Helfer werden vorbereitet

Wie bei allen Missionen würden die Freiwilligen auf ihre Tätigkeiten vorbereitet. Jeder, der jetzt in Stuttgart andere unterstützen will, sollte Abstands- und Hygieneregeln kennen, erläutert Eren. Auch Klaus Eger, Initiator der „Corona-Hilfe Stuttgart und Umgebung“ beschreibt sein derzeitiges Lebensgefühl als „surreal“. Der 29-Jährige aus Markgröningen (Kreis Ludwigsburg) ist ein Administrator der in der vergangenen Woche gegründeten Gruppe auf dem sozialen Netzwerk Facebook. Mittlerweile zählt sie 1800 Mitglieder, die ihre Hilfe anbieten.

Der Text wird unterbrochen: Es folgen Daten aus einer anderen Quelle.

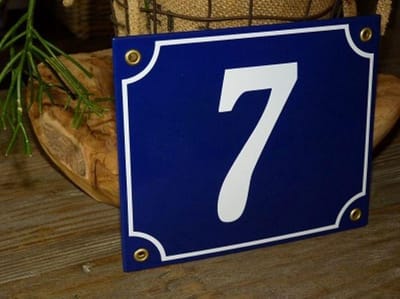 Emaille huisnummer 18x15 blauw/wit nr. 7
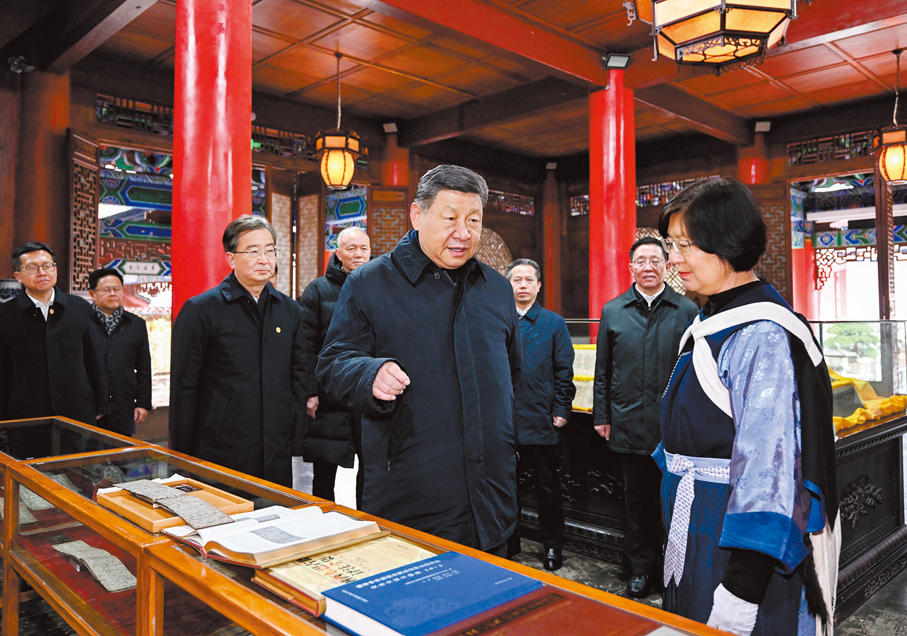 ●3月19日下午,習近平在麗江古城木氏土司府衙署參觀納西族東巴文化研究成果展示。 新華社
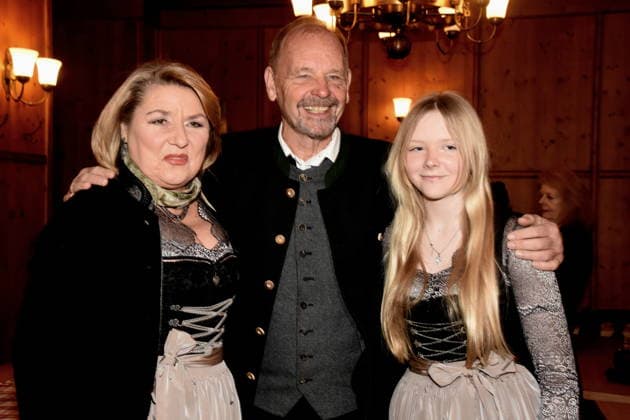 Angela Wiedl Saengerin Tochter Gina Uwe Erhardt Musiker Muenchen 03.02.2026 Augustiner Stammhaus Iberl Buehne Premiere Weiberwirtschaft Foto Muenchen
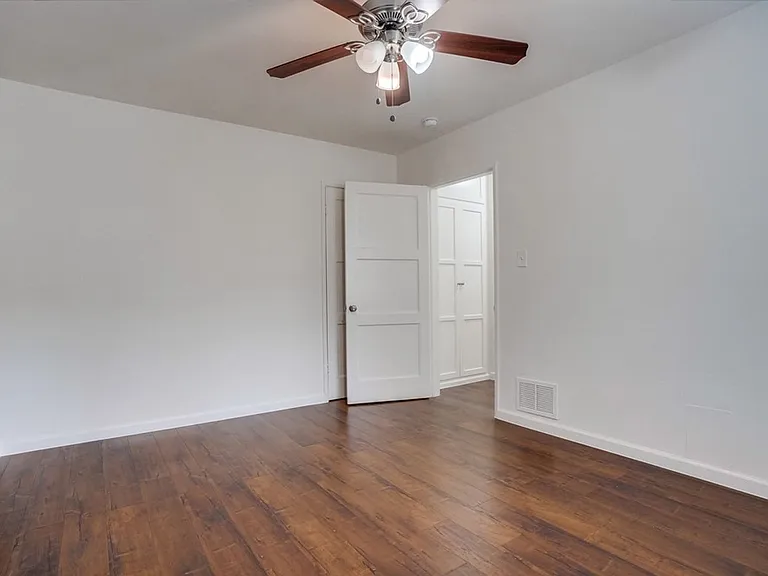 4078 Muirfield Rd & 4319 Santo Tomas Dr — Photo 12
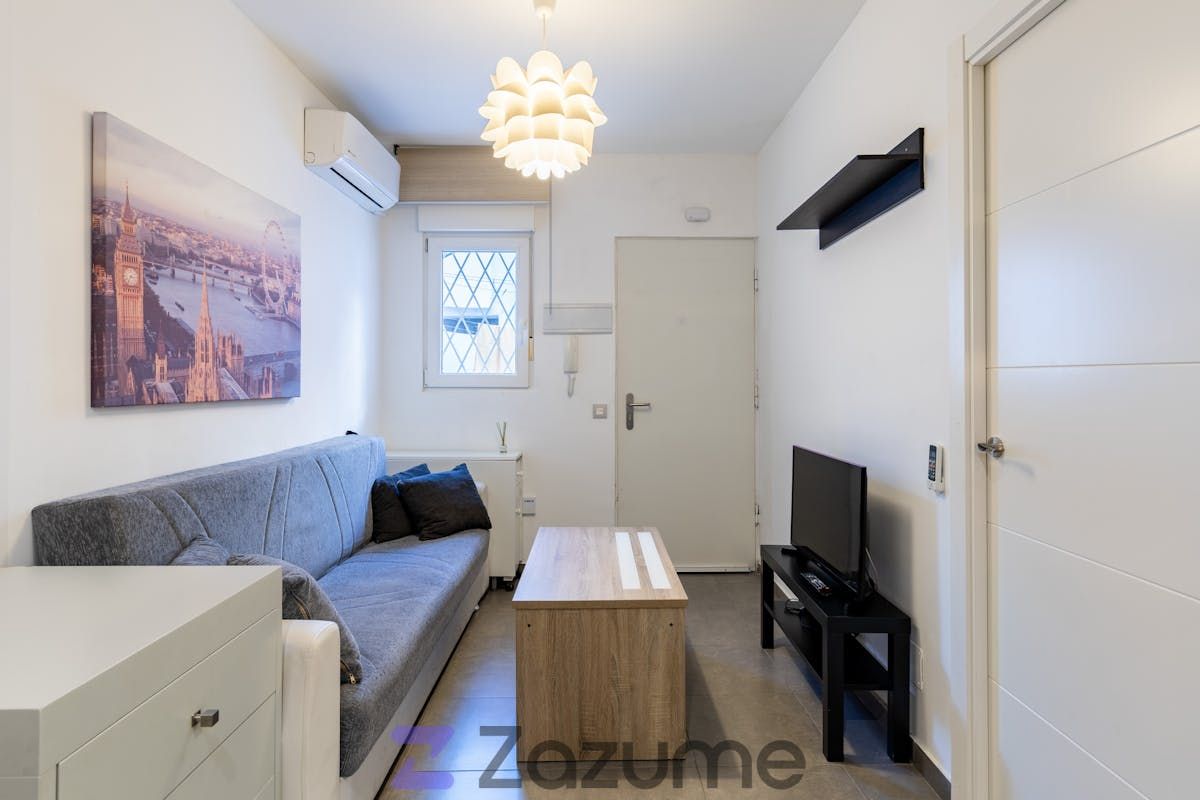 Study to rent in C. de los Algodonales, Berruguete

Menschlichkeit macht Freude

Eger schildert, dass der Einsatz gegen eigene Ohnmachtsgefühle helfe. „Ich habe einen alten Gameboy einem Mädchen vor die Tür gelegt, die mit ihrer Mutter in Quarantäne ist. Die Mutter hat sich am Telefon bedankt, dass ist mehr wert als Geld“, sagt er. Eger hofft, dass sich viele auch über jetzige Krise hinaus die nun zu Tage tretende Solidarität bewahren können. „Viele haben ihre Menschlichkeit entdeckt und erkennen, wie viel Spaß es macht, anderen zu helfen“, sagt er.